I would like to be able to direct brms to compile an OpenCL cmdstan model instead. Assuming it is not built in somehow, can we force that to occur by sending cmdstanr commands along with the brm function for compiling (e.g., stan_opencl = TRUE), or otherwise modifying the compiled file?
For now you would need to get the brms generated Stan code and data and run it in cmdstanr the way its shown in this vignette.
I guess step one would be to get a few models that use GLMs that we could evaluate. Do you maybe have an brms example that uses a Stan GLM function that we could use to evaluate @paul.buerkner?
A sidenote is that the Stan-to-C++ codegen is not fully optimized yet in stanc3 for all cases. Still, it should benefit models where lpdfs/lpmfs dominate the execution time. Those that call GLMs for now. There are a lot of other optimizations in the backend that arent yet exposed fully.
We had a plan to optimize in this release cycle, but I got too busy with other stuff and then a bit burned out a month or so ago… I am a bit sad we didnt get that in as this will be very nice once we finish it with 60x+ speedups for logistic regression models like the redcard example.
I was meaning to open a brms issue once I had something more concrete, so we could discuss a plan for this, if this is something brms would want to support, but not there yet.
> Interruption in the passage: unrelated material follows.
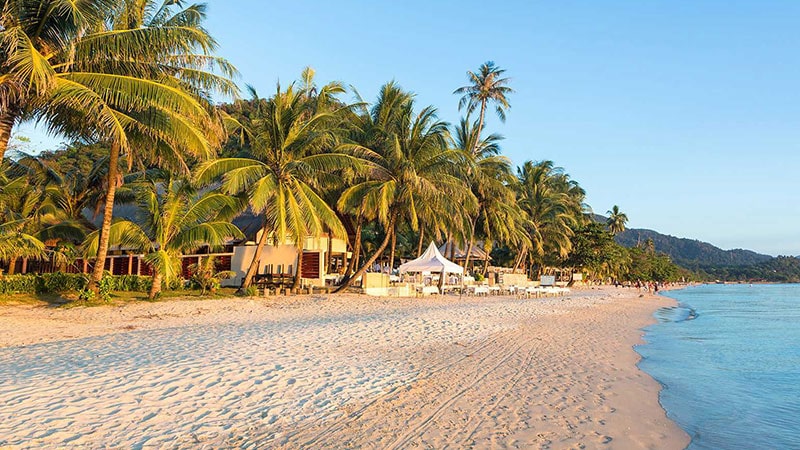 White Sand Beach (White Sand Beach) from the best Thailand beaches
It would be great if we could support OpenCL in brms. And I don’t think its too complicated given that brms already supports threading and, as such, has all the code infrastructure in place to pass things to cmdstanr in the right places. Feel free to open an issue and I can implement quickly I hope.
brms always uses Stan GLM functions when permitted by the model. All all the common examples should work out of the box. We can also just simulate some data for this purpose.